- Exercise goal -
In your copy, each line below is repeated exactly and no image appears.
..............................
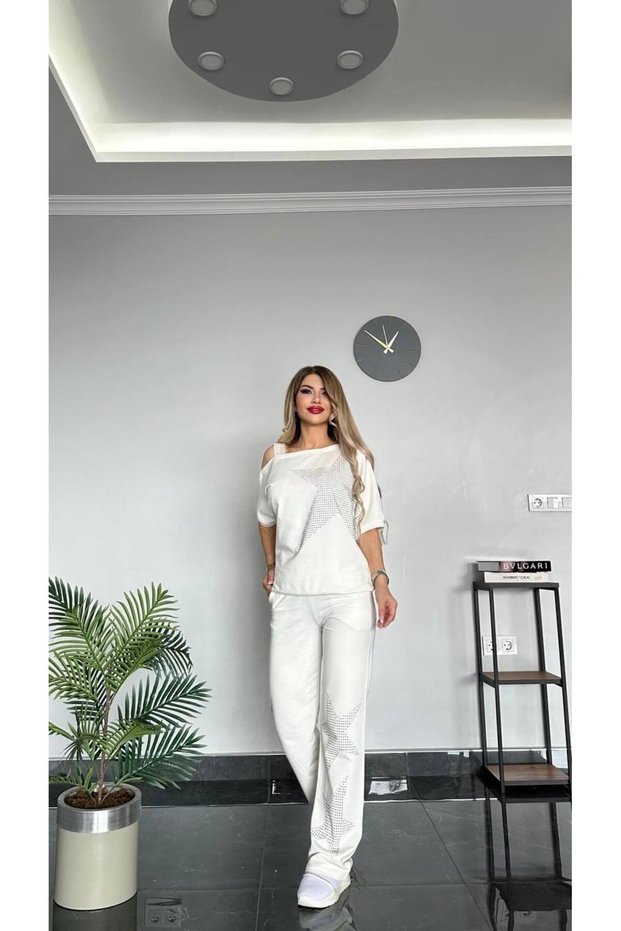 Half-sleeved sports pajama set, cotton lycra fabric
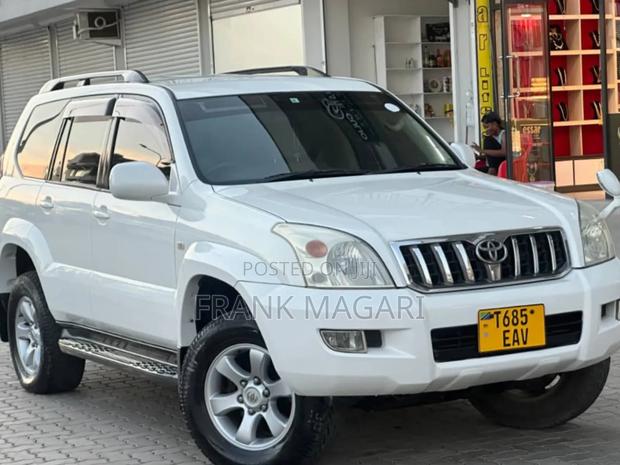 Toyota Land Cruiser Prado 2005 White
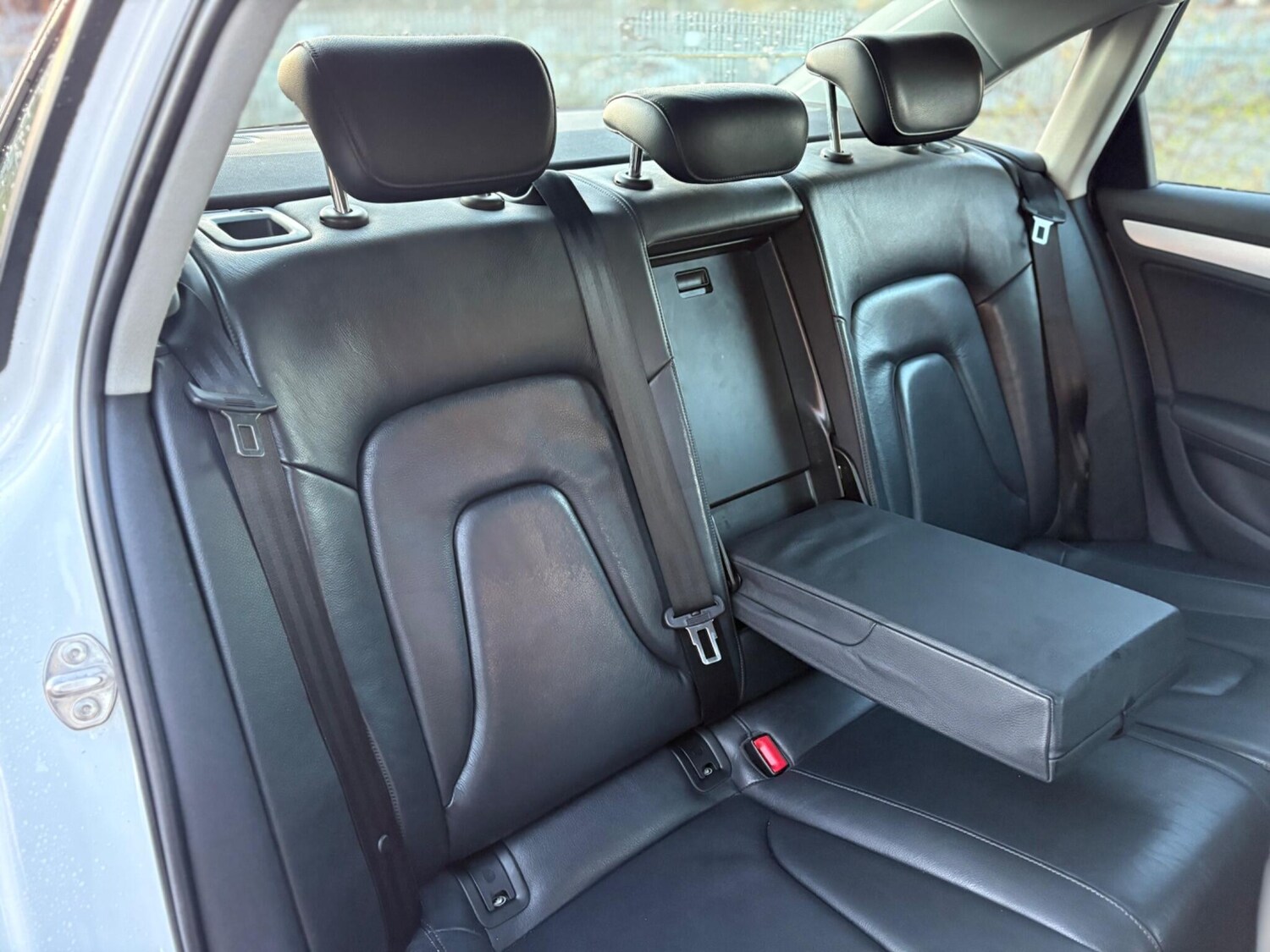 Used Audi A4 2011 for sale - 76976839: Photo 32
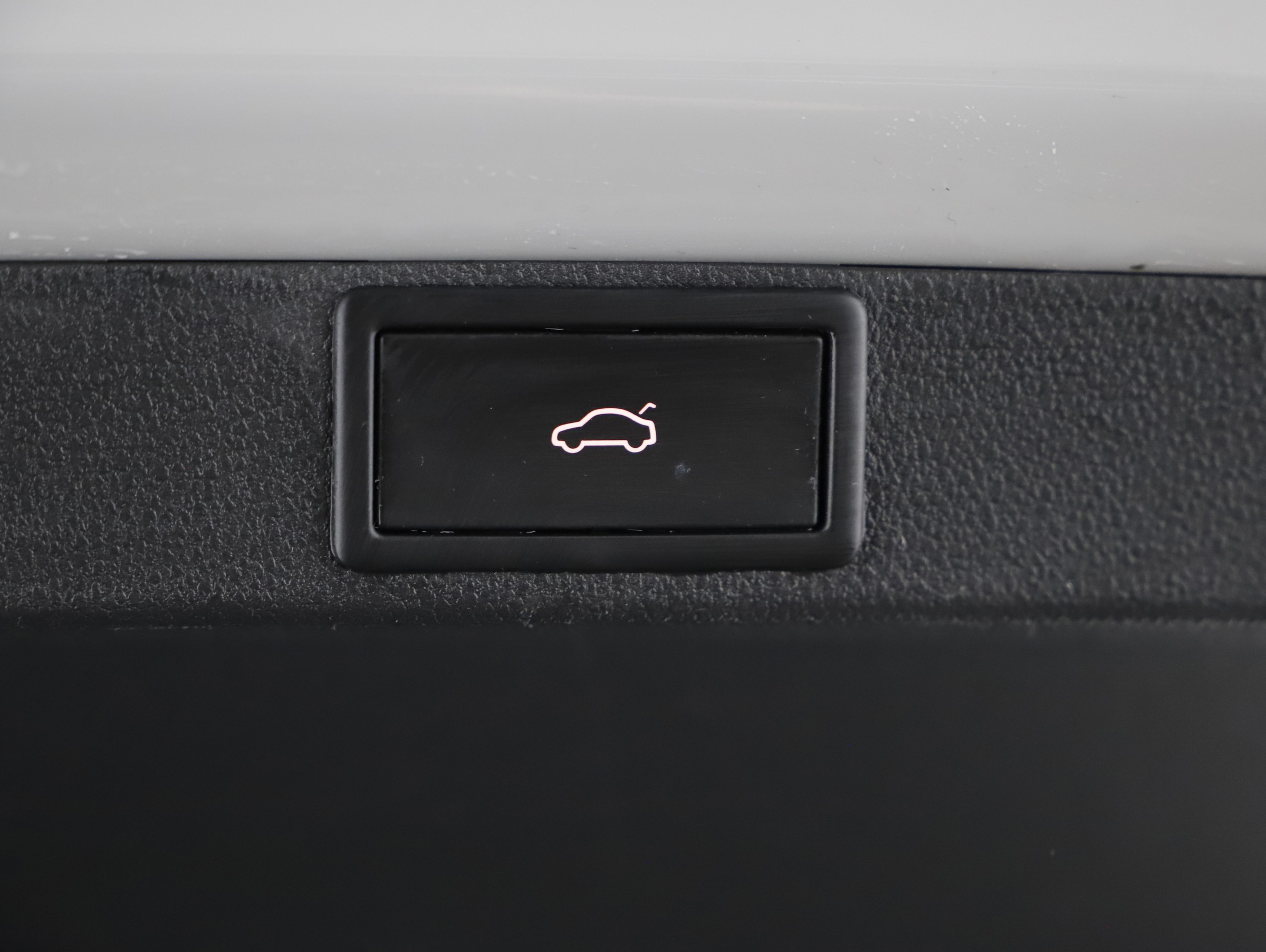 Skoda Octavia Combi Scout 4X4 2.0 TDI DSG | Bild 18 von 23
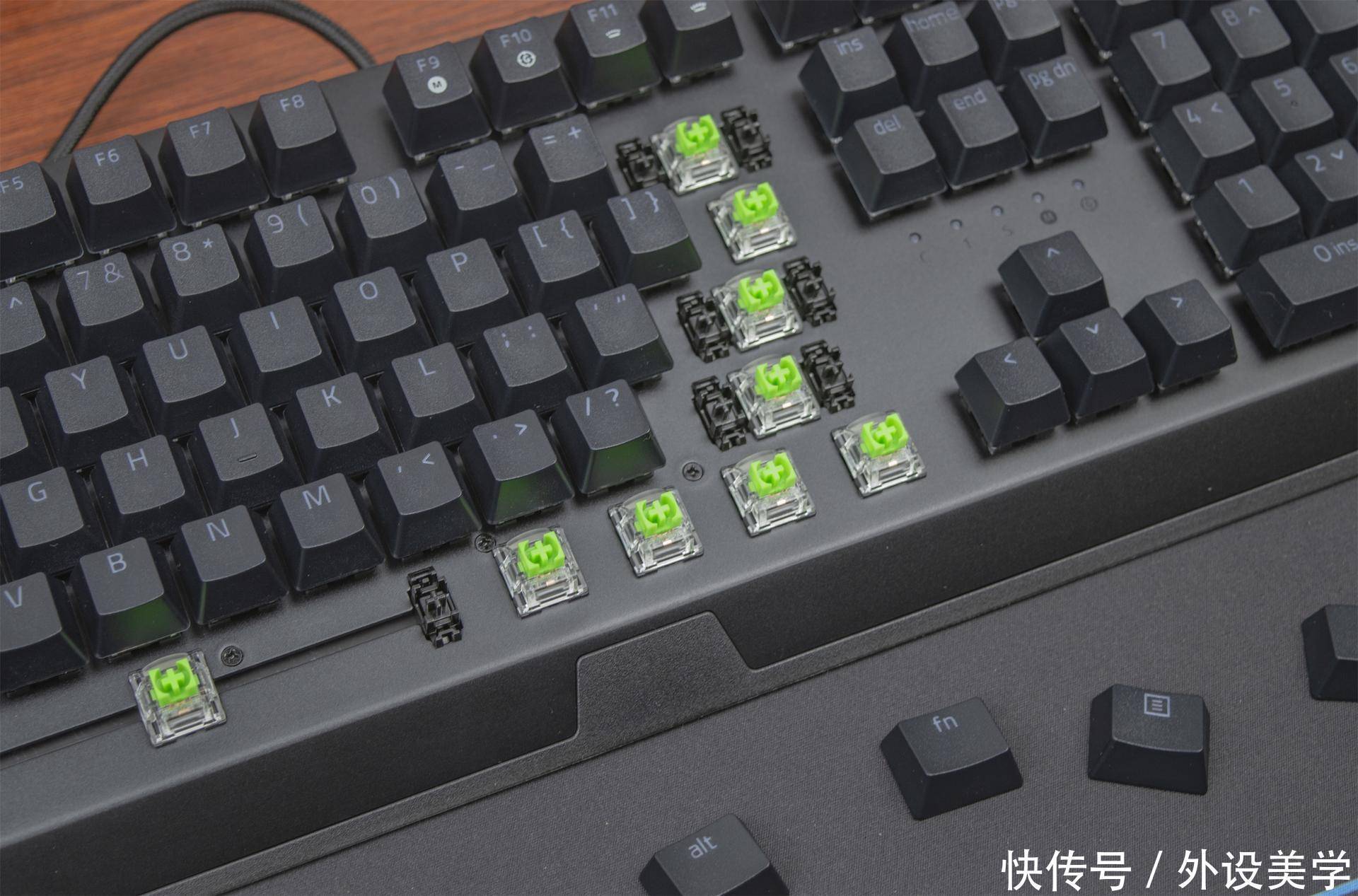 雷蛇|以灯之名,传奇再续:雷蛇黑寡妇 V3 绿轴版开箱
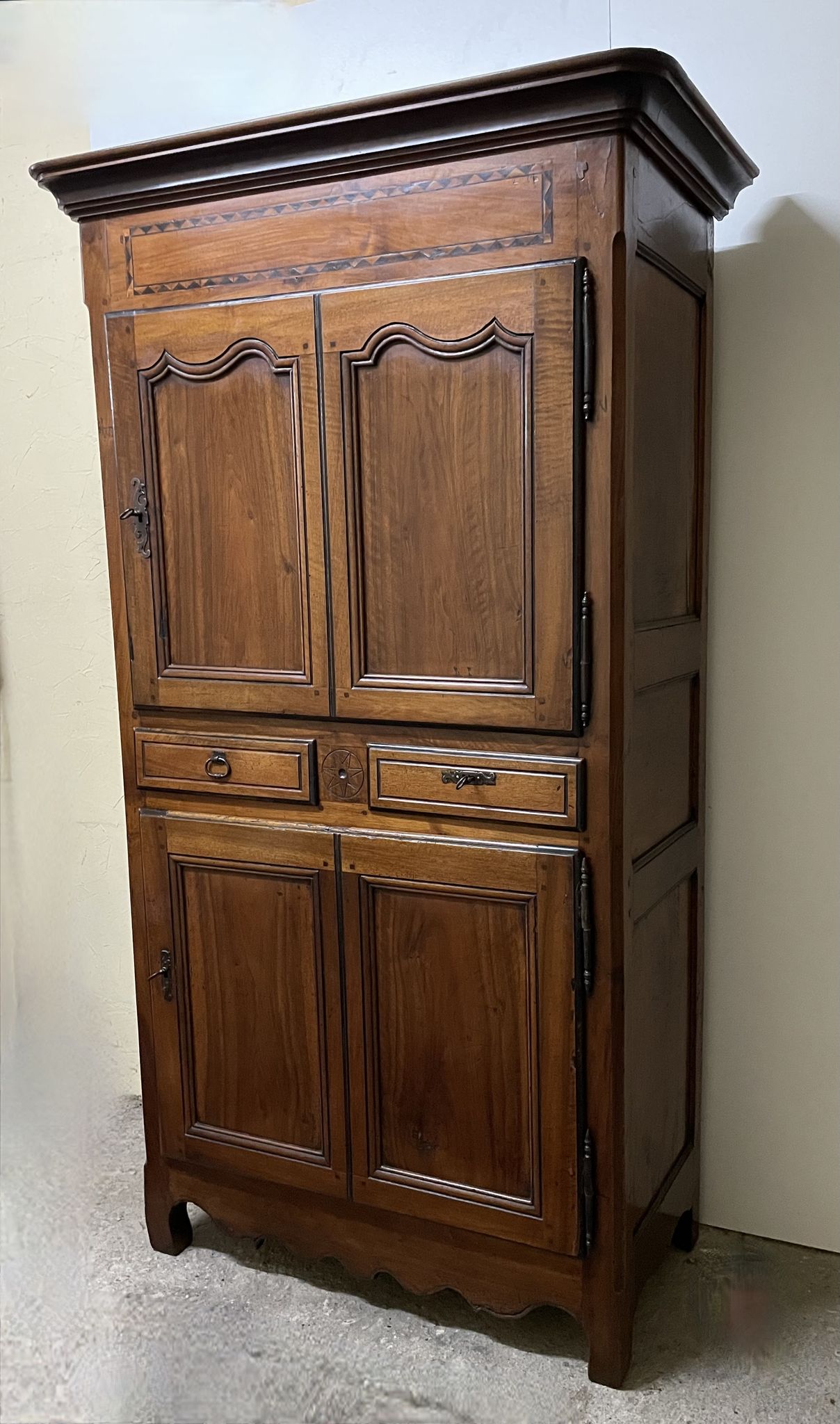 Armoire en noyer d'époque XIX ème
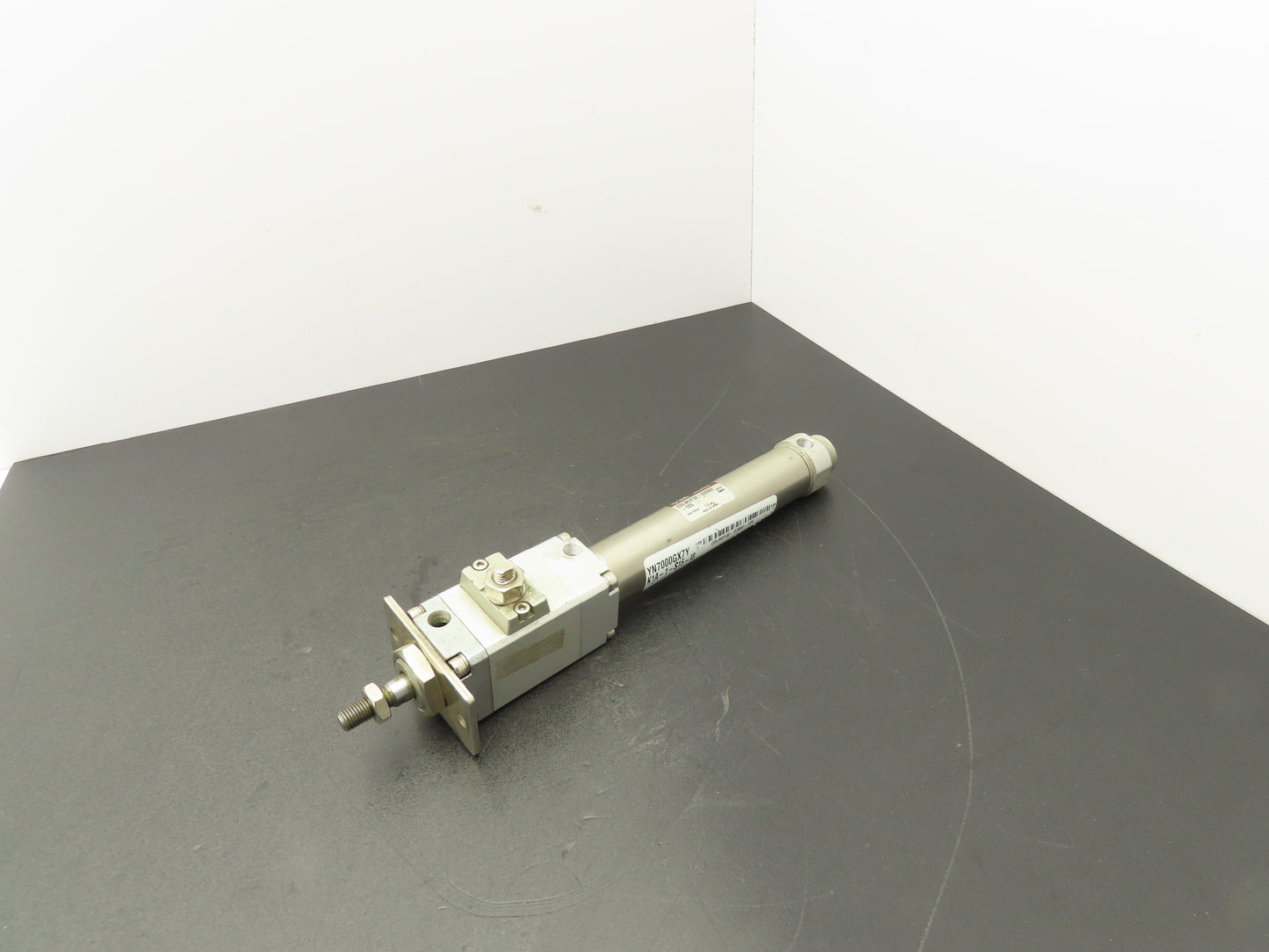 SMC CDLM2F32-G3582-125 Pneumatic Air Cylinder w/Rod Lock 32mm Bore 125mm Stroke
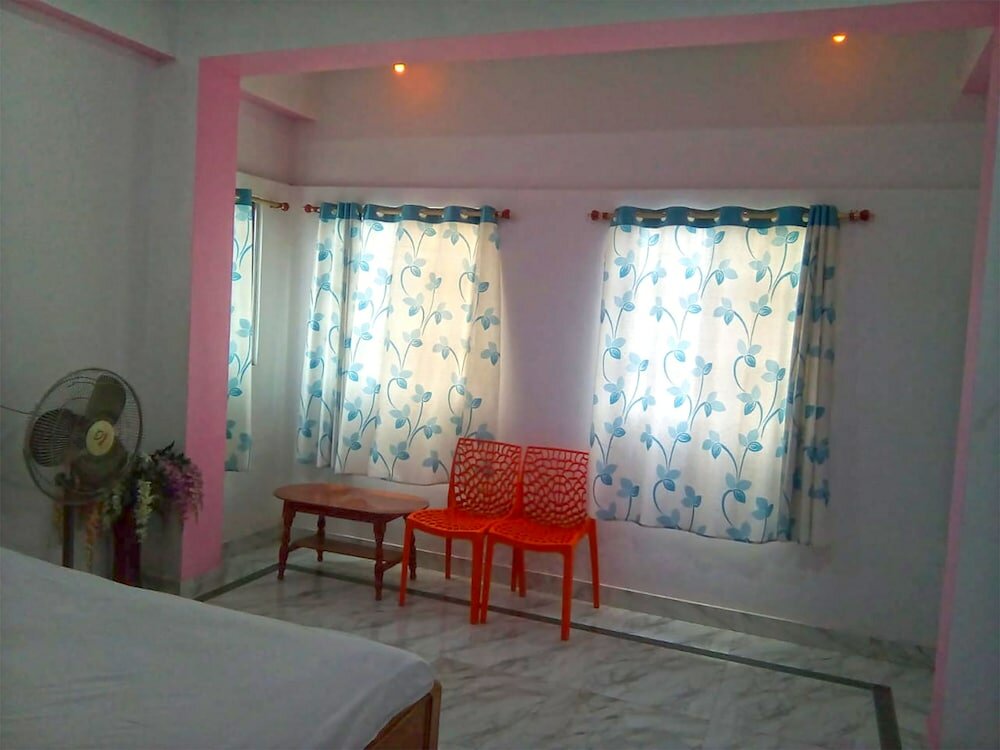 Фото Spot On 44288 Maharaja Palace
..............................
- Expected output -
 Half-sleeved sports pajama set, cotton lycra fabric
 Toyota Land Cruiser Prado 2005 White
 Used Audi A4 2011 for sale - 76976839: Photo 32
 Skoda Octavia Combi Scout 4X4 2.0 TDI DSG | Bild 18 von 23
 雷蛇|以灯之名,传奇再续:雷蛇黑寡妇 V3 绿轴版开箱
 Armoire en noyer d'époque XIX ème
 SMC CDLM2F32-G3582-125 Pneumatic Air Cylinder w/Rod Lock 32mm Bore 125mm Stroke
 Фото Spot On 44288 Maharaja Palace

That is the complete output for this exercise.